Set out the records again, keeping every word as it is.

BEGIN INPUT

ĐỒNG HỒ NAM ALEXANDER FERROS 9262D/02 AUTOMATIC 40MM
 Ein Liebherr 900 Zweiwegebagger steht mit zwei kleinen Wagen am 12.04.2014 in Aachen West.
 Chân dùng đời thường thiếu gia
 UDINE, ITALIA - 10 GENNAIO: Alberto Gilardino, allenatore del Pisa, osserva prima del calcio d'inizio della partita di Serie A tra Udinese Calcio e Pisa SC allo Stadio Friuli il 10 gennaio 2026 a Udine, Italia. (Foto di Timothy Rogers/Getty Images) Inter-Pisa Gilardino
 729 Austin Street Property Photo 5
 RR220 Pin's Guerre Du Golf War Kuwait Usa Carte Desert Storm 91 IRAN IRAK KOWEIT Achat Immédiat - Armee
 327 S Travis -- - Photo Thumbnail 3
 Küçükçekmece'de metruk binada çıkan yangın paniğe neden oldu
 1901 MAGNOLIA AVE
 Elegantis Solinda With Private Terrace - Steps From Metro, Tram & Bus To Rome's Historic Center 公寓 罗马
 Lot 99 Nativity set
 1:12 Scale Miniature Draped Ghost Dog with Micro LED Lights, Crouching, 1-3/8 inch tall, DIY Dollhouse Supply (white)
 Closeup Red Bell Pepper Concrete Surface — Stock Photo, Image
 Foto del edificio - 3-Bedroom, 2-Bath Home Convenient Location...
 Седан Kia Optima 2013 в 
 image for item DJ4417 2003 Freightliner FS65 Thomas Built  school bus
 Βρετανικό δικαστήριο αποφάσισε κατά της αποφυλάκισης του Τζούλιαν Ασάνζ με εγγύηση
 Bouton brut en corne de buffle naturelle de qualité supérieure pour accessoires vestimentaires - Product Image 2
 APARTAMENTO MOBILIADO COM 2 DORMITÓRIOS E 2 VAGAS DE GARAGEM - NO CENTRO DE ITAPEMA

END INPUT

SOLVED EXERCISE =
ĐỒNG HỒ NAM ALEXANDER FERROS 9262D/02 AUTOMATIC 40MM
 Ein Liebherr 900 Zweiwegebagger steht mit zwei kleinen Wagen am 12.04.2014 in Aachen West.
 Chân dùng đời thường thiếu gia
 UDINE, ITALIA - 10 GENNAIO: Alberto Gilardino, allenatore del Pisa, osserva prima del calcio d'inizio della partita di Serie A tra Udinese Calcio e Pisa SC allo Stadio Friuli il 10 gennaio 2026 a Udine, Italia. (Foto di Timothy Rogers/Getty Images) Inter-Pisa Gilardino
 729 Austin Street Property Photo 5
 RR220 Pin's Guerre Du Golf War Kuwait Usa Carte Desert Storm 91 IRAN IRAK KOWEIT Achat Immédiat - Armee
 327 S Travis -- - Photo Thumbnail 3
 Küçükçekmece'de metruk binada çıkan yangın paniğe neden oldu
 1901 MAGNOLIA AVE
 Elegantis Solinda With Private Terrace - Steps From Metro, Tram & Bus To Rome's Historic Center 公寓 罗马
 Lot 99 Nativity set
 1:12 Scale Miniature Draped Ghost Dog with Micro LED Lights, Crouching, 1-3/8 inch tall, DIY Dollhouse Supply (white)
 Closeup Red Bell Pepper Concrete Surface — Stock Photo, Image
 Foto del edificio - 3-Bedroom, 2-Bath Home Convenient Location...
 Седан Kia Optima 2013 в 
 image for item DJ4417 2003 Freightliner FS65 Thomas Built  school bus
 Βρετανικό δικαστήριο αποφάσισε κατά της αποφυλάκισης του Τζούλιαν Ασάνζ με εγγύηση
 Bouton brut en corne de buffle naturelle de qualité supérieure pour accessoires vestimentaires - Product Image 2
 APARTAMENTO MOBILIADO COM 2 DORMITÓRIOS E 2 VAGAS DE GARAGEM - NO CENTRO DE ITAPEMA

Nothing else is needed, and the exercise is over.